Campbell s’éclipse

Discrédité par l’affaire Kelly, l’éminence grise de Tony Blair a pris les devants. Et démissionné.

Publié le 8 septembre 2003 Lecture : 3 minutes.

Voilà plus d’un an qu’Alastair Campbell, 46 ans, voulait démissionner pour se consacrer à sa famille et à lui-même. Mais Tony Blair a demandé à son directeur de la communication et plus proche conseiller depuis son arrivée à Downing Street, en 1997, de rester à ses côtés, le temps de préparer l’opinion à la guerre en Irak. Le 28 mai dernier, près d’un mois après la fin du conflit, la lettre de démission de Campbell atterrissait sur le bureau du Premier ministre, quelques heures seulement avant la diffusion du reportage du journaliste de la BBC, Andrew Gilligan, qui allait déclencher une autre guerre, entre le gouvernement britannique et la puissante BBC. En accusant Alastair Campbell d’avoir « gonflé » le rapport sur l’arsenal militaire de Saddam Hussein, le journaliste a piqué au vif le communicateur, qui a tenu à laver l’affront avant de quitter son poste. Et à mener une dernière bataille aux côtés de son ami de vingt ans.
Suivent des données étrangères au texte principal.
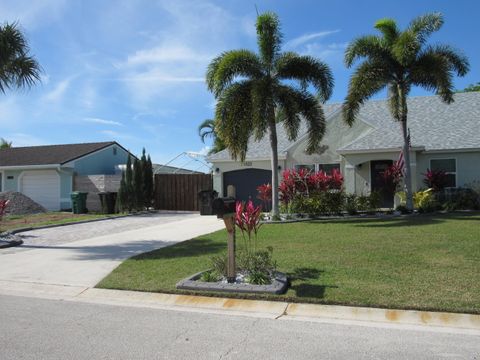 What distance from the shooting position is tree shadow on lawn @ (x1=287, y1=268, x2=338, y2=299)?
6.62 meters

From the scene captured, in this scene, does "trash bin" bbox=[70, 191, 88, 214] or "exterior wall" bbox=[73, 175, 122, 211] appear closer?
"trash bin" bbox=[70, 191, 88, 214]

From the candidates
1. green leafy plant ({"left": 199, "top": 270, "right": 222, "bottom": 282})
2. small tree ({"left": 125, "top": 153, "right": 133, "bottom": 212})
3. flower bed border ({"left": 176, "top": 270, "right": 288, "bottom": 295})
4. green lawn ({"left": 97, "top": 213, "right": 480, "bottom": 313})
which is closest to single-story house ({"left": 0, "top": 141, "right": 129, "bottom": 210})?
small tree ({"left": 125, "top": 153, "right": 133, "bottom": 212})

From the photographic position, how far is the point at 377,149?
19328mm

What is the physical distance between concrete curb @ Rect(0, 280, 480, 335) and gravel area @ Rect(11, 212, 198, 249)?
5.20m

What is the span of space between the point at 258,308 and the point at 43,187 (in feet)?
76.8

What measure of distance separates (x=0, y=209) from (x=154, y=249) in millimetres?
5285

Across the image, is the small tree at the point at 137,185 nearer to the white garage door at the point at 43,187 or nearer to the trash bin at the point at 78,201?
the trash bin at the point at 78,201

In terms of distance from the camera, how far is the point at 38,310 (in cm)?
648

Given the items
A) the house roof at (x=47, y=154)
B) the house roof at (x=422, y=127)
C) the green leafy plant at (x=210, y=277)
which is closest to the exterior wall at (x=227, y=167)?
the house roof at (x=422, y=127)

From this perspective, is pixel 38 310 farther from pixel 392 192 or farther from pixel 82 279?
pixel 392 192

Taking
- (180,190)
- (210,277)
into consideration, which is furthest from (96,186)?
(210,277)

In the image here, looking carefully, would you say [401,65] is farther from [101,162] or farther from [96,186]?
[101,162]

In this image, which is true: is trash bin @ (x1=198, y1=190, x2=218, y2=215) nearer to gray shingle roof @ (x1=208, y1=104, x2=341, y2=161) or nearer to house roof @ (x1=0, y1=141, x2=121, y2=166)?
gray shingle roof @ (x1=208, y1=104, x2=341, y2=161)

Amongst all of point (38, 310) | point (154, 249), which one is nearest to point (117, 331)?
point (38, 310) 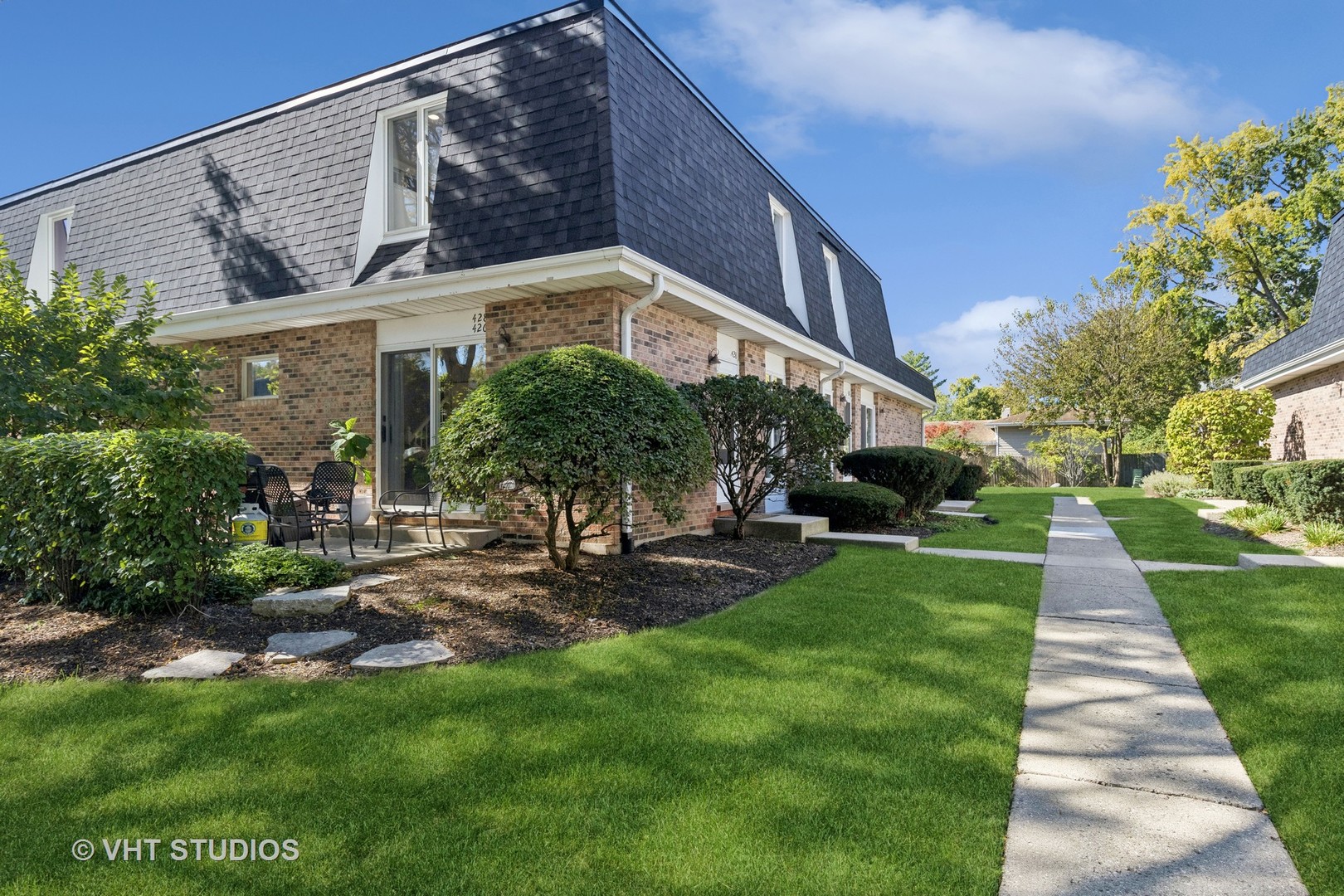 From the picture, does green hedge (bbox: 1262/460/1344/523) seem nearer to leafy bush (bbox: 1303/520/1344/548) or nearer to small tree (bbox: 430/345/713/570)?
leafy bush (bbox: 1303/520/1344/548)

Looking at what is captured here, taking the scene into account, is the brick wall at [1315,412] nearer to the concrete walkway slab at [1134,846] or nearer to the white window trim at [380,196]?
the concrete walkway slab at [1134,846]

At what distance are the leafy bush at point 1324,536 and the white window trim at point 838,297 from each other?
8110 mm

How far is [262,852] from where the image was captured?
229cm

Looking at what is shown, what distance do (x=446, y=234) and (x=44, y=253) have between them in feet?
31.7

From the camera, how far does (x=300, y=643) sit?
4.45 metres

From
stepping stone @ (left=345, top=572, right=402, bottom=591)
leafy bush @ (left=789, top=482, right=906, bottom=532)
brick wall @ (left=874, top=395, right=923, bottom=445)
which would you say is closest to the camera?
stepping stone @ (left=345, top=572, right=402, bottom=591)

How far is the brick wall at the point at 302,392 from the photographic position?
9.25m

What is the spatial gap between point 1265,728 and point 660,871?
2974 mm

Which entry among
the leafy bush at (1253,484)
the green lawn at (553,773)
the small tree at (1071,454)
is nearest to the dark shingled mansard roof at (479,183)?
the green lawn at (553,773)

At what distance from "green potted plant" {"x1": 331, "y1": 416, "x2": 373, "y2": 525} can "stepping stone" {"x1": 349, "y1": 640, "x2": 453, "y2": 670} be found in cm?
477

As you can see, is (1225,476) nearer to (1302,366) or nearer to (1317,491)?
(1302,366)

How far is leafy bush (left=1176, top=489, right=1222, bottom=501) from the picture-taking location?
1717cm

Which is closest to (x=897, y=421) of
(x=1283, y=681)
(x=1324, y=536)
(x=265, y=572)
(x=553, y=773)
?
(x=1324, y=536)

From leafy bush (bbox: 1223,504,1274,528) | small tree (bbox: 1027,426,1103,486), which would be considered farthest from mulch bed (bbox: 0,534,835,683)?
small tree (bbox: 1027,426,1103,486)
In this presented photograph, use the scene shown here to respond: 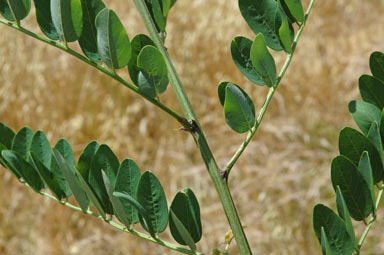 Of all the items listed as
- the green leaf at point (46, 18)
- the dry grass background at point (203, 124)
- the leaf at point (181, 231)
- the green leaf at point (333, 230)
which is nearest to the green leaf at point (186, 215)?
the leaf at point (181, 231)

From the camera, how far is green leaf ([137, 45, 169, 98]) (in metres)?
0.52

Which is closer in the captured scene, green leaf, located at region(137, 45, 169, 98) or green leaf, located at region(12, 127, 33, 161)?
green leaf, located at region(137, 45, 169, 98)

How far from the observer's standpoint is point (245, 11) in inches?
23.1

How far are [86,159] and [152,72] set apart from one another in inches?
5.3

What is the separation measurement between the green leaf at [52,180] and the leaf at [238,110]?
0.20m

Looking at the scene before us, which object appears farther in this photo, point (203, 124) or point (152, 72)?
point (203, 124)

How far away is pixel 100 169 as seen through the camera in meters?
0.59

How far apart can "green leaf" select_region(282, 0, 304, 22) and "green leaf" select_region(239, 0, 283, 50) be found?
14mm

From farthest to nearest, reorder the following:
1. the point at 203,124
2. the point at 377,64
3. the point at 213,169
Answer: the point at 203,124
the point at 377,64
the point at 213,169

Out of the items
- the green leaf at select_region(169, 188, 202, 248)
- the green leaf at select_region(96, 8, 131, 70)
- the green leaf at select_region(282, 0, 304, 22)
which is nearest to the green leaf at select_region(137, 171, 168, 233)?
the green leaf at select_region(169, 188, 202, 248)

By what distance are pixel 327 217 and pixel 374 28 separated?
3513 millimetres

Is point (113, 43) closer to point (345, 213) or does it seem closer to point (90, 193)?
point (90, 193)

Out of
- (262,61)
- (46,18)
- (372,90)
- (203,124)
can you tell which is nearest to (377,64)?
(372,90)

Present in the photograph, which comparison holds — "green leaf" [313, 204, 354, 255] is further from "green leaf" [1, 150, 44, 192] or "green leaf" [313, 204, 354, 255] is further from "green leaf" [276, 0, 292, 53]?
"green leaf" [1, 150, 44, 192] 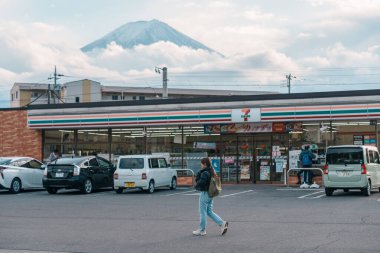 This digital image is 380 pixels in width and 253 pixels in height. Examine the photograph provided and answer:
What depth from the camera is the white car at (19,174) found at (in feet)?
77.4

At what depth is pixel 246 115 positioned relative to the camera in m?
28.7

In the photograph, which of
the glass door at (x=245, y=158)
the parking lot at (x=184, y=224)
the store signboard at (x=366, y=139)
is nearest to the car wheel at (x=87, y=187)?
the parking lot at (x=184, y=224)

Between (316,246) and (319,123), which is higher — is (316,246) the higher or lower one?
the lower one

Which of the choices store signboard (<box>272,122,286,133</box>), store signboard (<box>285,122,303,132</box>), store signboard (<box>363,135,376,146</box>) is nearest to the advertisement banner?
store signboard (<box>272,122,286,133</box>)

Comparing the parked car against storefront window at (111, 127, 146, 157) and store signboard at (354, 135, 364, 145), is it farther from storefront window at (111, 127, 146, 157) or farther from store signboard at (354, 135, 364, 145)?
store signboard at (354, 135, 364, 145)

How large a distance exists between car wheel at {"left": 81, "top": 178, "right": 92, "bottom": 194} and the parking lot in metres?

Avec un relatif succès.
Après avoir été blanchi début juillet par un rapport parlementaire, il est entendu, le 19 août, par lord Hutton, chargé de l’enquête sur le suicide du Dr Kelly, « l’informateur » du journaliste de la BBC. Campbell nie toute manipulation personnelle. Et s’offre habilement une porte de sortie dans l’affaire Kelly en démissionnant le 29 août, vingt-quatre heures à peine après l’audition de Tony Blair par le même lord Hutton.
Ce n’est pas un simple directeur de la communication qui quitte aujourd’hui le Premier ministre, mais l’un des principaux fondateurs du New Labour et l’artisan du succès électoral de Tony Blair, dont il était le porte-parole depuis 1994, au moment où celui-ci n’était que l’étoile montante d’un shadow government dans l’opposition. Campbell a donné à son rôle une importance jamais égalée auparavant, devenant le vrai numéro deux du gouvernement, au coude à coude avec Gordon Brown, le chancelier de l’Échiquier. Ambitieux, tenace et manipulateur, l’imposant Campbell s’est fait de nombreux ennemis, notamment dans la presse, qui, depuis l’annonce de sa démission, le lui rend bien, en publiant des nécrologies politiques au vitriol.
Diplômé de Cambridge, Alastair Campbell a commencé sa carrière dans le journalisme après avoir prêté sa plume, sous un pseudonyme, à un magazine pornographique. Quelques échecs et un sévère penchant pour l’alcool le font sombrer dans la dépression à l’âge de 28 ans. Il se promet de ne plus boire une goutte d’alcool, se met au marathon et trouve un emploi au Daily Mirror, l’un des grands tabloïds britanniques, proche de la gauche travailliste. Stagiaire, journaliste, éditorialiste, il termine chef de la section politique du journal. Avant de quitter le monde de la presse, il effectue quelques missions de communication pour le leader travailliste de l’époque, Neil Kinnock. Mais c’est en 1994, avec Tony Blair, qu’il passe définitivement de l’autre côté de la barrière.
Au 10, Downing Street, il « briefe » deux fois par jour les journalistes chargés de couvrir les activités du Premier ministre. Et devient célèbre, à tel point qu’on l’accuse de voler la vedette à celui qu’il est censé représenter. En 2000, il se retire du devant de la scène pour devenir directeur de la communication de Blair, mais n’en est que plus déterminant dans les choix du Premier ministre. Son entourage le décrit comme un homme prompt à tomber dans l’excès. N’est-il pas passé, du jour au lendemain, avec une égale assiduité, de l’alcool au marathon ?
Tony Blair a en tout cas retenu la leçon puisque son nouveau directeur de la communication, David Hill, n’aura pas le pouvoir de donner des instructions aux fonctionnaires du gouvernement.